There are at least five reasons your LLC needs an operating agreement. Actually, there are more than 5 reasons to have an operating agreement in place, but the top 5 reasons described below are strong incentives to make sure that your LLC and its members have the protection of an operating agreement.
An operating agreement is a document signed by the members of a limited liability company (an LLC) that establishes the “rules” for the operations of the LLC as well as the relationships between the owners (the “members”). Operating agreements are similar to thefor a corporation. Although LLCs in Washington state are not required to have an operating agreement, the lack of an operating agreement may have dire consequences for the LLC and its owner or owners. At the very least, to the extent that Washington law applies to specific issue with the LLC, that treatment may not be how the member or members of the LLC want the legal issue resolved.
Before we discuss the top 5 reasons why every LLC should have an operating agreement, perhaps the most important reason to have an operating agreement is to open a bank account. Most (if not all) banks will require that the LLC have a written operating agreement in place before they will open a bank account in the name of the LLC.
Here are the top five reasons why every LLC in Washington state should have an operating agreement:
The operating agreement defines and sets the expectations for who will manage the LLC and exactly how it will be managed. This is most important for an LLC that has multiple members. The operating agreement should specify whether the LLC will be “member managed” or “manager managed,” meaning whether it will be managed by the vote of the members or if a designated manager (who does not need to be a member) will manage the LLC. Most operating agreements will also specify what type of decisions can be made by an individual manager (minor, or day-to-day decisions) without the need for further approval of the members as a whole (major decisions). An operating agreement can also provide a mechanism to resolve future management disputes.
Also, third parties dealing with the LLC will want to see an operating agreement that identifies who has the power to bind the LLC to contracts.
2. Death and Divorce.
Unfortunate things happen, and members of LLCs may die or get divorced during the life of the LLC. The operating agreement will describe the process for the winding down of the LLC in the event that its only member passes away, or how the surviving member can continue with the business of the LLC if so desired.

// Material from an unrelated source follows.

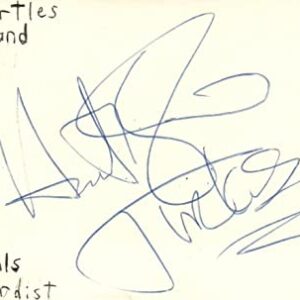 Howard Kaylan Lead Vocals The Turtles Rock Band Music Signed Index Card JSA COA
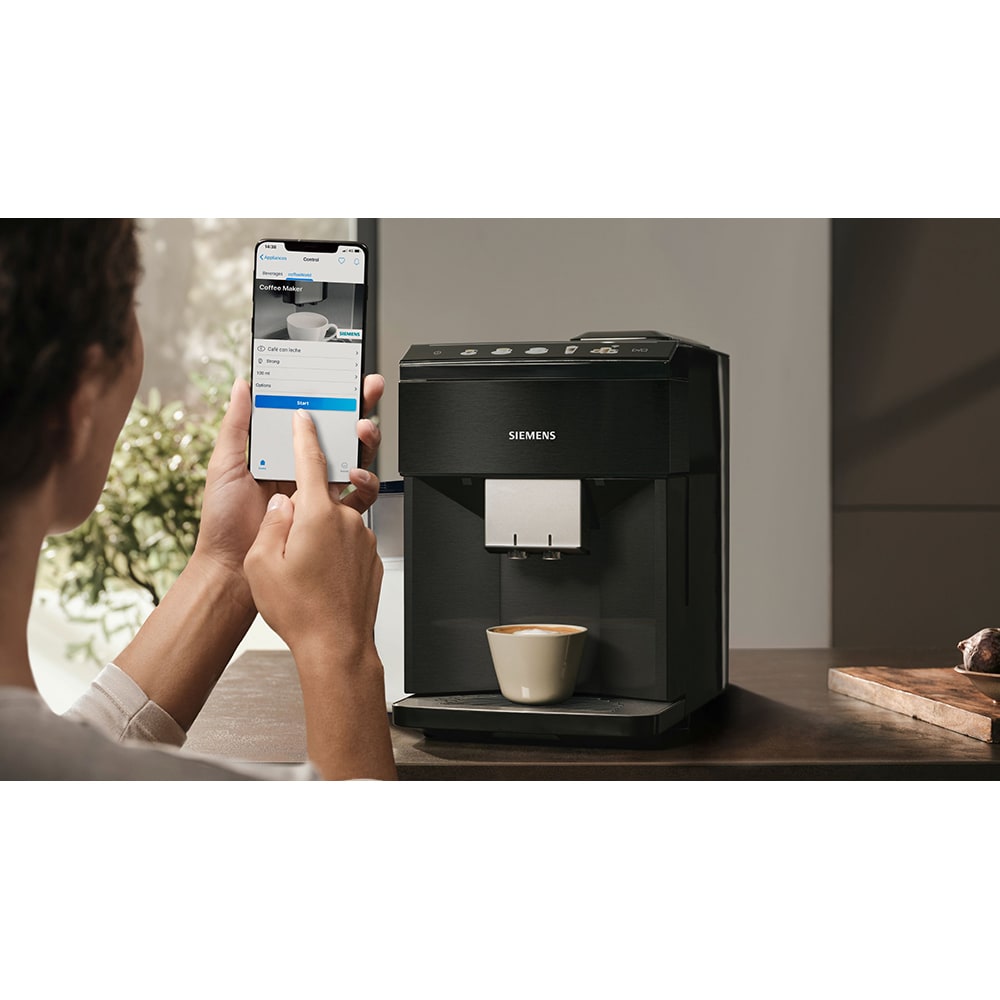 Espressor automat SIEMENS EQ500 TQ518RX3, 1.9l, 1500W, 15 bar, negru-argintiu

In the event that a member becomes divorced, the operating agreement can provide a process for resolution of the ex-spouses’s community property interest in the LLC membership interest (otherwise, the other member may have an unanticipated partner, the ex-spouse, who could end up with authority to participate in the management and affairs of the LLC).
3. Distribution of Profits and Losses.
Although not critically important for a single member LLC, for LLCs with multiple members it is very important that the allocation of profits and losses generated by the LLC be correctly specified, consistent with the expectations of the members as to how they will share profits and losses and consistent with the tax treatment of the LLC. If the LLC wants to be classified and taxed as a “Subchapter S” corporation, the profits and losses will have to be allocated in an equal (or pro rata) manner among the members. Failure to provide for the correct distribution of profits and losses given the tax treatment of the LLC can create serious and negative unintended consequences, including the potential for double-taxation of income.
4. Protect Members and Managers from Liability.
During the life of a typical LLC, it will engage in dozens, hundreds or thousands of business transactions, each of which may give rise to potential liability. A properly drafted operating agreement will include “indemnification” provisions, which state that in the event a member or manager is sued with regard to business conducted on behalf of the LLC, then the LLC will step in and defend and hold harmless that member or manager. Although this is not required, it is highly recommended in order to protect and insulate individual member or manager’s assets from the business risks incurred by the LLC.
5. Restrict Transfers.
LLCs include characteristics of both corporations and partnerships. The shareholders of a large public corporation do not know each other and do not know each other a specific duty. The partners of a partnership, on the other hand, must specifically agree to be partners with each other and do owe each other certain duties. The stock in the corporation is freely transferrable while the partnership interests of a general partnership are not. In an LLC, the members must agree to be members with each other, but they may also sell their membership interests.
However, for most LLC members, it is very important that they have control over who controls the affairs of the LLC. An operating agreement can impose significant restrictions on the ability of a member to either leave the LLC or to sell his or her membership interest in the LLC. This is an important characteristics of LLCs and allows members to be careful about who will replace an existing member if he or she wants to sell his or her interest. With the right language in the operating agreement, if a member tries to sell his or her membership interest without the permission of the other members, then the person buying the membership interest would hold an “economic interest” only, which means that he or she will not have any ability to participate in the management or affairs of the LLC (and would receive a distribution of profits and losses only).
This ability to restrict transfers and to impose negative consequences in the event that a transfer is made without permission, which would also apply to a creditor of an LLC member who seizes the membership interest, gives LLCs an important advantage over a standard corporation.
For LLCs without an operating agreement, we highly recommend that the member or members consider having an experienced LLC attorney draft an operating agreement, in order to prevent future unintended consequences which can have a devastating business and personal impact.